Considering only a single digit for a minute, the question then arises: how do you represent the
numbers 0-9? You need to be able to switch on all the segments that correspond to the
particular digit you want to show. But how can you make a circuit capture this information?
It turns out you can represent this all with
combinatorial logic, so you could implement it as a big mess of logic gates (and Ben does this in
one of his videos).
But a much simpler way is to have permanent memory that maps between the particular number you want to display, and the corresponding segments that need to be turned on. For this purpose we used an EEPROM, which is programmable non-volatile memory, and programmed it using an Arduino-based EEPROM programmer:
The programmable memory then could contain at say, memory address 1, the combination of segments that need to be turned on to display the decimal number 1.
What I’ve described works for a single digit, but how can you display 4 digits?

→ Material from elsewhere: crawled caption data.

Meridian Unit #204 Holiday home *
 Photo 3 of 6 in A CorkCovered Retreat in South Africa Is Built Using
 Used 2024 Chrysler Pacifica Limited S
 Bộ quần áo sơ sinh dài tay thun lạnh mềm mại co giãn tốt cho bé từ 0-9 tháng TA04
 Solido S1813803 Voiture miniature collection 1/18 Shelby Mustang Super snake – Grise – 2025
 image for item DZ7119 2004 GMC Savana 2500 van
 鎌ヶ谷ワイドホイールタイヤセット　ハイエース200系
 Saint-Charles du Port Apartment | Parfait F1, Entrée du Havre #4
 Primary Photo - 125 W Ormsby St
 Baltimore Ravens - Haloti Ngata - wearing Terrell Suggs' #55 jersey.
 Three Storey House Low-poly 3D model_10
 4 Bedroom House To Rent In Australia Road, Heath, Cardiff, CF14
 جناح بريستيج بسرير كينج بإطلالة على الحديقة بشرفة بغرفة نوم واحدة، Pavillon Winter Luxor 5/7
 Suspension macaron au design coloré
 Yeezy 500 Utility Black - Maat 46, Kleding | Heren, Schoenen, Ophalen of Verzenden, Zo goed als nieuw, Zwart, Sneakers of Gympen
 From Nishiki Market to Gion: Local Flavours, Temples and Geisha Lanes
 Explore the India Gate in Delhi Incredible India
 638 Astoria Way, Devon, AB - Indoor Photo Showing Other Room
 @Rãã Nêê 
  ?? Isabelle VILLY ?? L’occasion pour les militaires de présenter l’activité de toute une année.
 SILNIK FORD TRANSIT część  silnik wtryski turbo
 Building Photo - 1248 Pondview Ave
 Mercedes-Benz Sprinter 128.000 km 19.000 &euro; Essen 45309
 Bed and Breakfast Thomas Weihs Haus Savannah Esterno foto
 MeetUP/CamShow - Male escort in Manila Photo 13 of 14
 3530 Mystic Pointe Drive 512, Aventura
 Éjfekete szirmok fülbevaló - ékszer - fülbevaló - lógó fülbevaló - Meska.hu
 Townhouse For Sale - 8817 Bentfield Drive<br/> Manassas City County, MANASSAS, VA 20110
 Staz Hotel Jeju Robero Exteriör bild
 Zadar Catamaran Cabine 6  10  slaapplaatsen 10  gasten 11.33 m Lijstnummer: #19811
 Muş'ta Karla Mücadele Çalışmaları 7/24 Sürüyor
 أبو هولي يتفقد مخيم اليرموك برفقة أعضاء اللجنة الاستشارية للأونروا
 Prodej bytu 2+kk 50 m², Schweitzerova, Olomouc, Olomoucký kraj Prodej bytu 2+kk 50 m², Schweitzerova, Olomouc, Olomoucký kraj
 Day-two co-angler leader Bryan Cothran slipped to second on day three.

Firstly, the 4-digit display itself shares the
anodes of each segment between digits, while having a cathode for each digit, allowing you to turn on
each digit independently. This means you can cycle through each digit to show all four digits. By
doing this fast enough, you cannot perceive that the cycling is occurring and it just looks like all
four digits are on simultaneously (i.e. persistence of vision). To do this, you need a separate clock
circuit, a counter (to cycle through digits), and a decoder (to switch on the particular digit
corresponding to the counter).
Now we know how to display values on a 4-digit 7-segment display. But how do you map between
the binary value stored in the output register (the number we are trying to display), and its
corresponding decimal value?
You can still use the EEPROM to store this mapping, but instead of only taking as input the binary
value that we want to display, also take as input the digit that we are displaying at this instant.
These two inputs form the memory address input for the EEPROM).
The EEPROM output is then the combination of segments to turn on to show the current digit in decimal.
I thought this was an interesting circuit, with many hidden layers of complexity behind it, making
use of persistence of vision, counters, decoders, and conversion of a combinational logic circuit
into a much simpler stored memory circuit. The inputs of the logic circuit became memory
addresses, and the memory contents become the outputs of the logic circuit, controlling the display.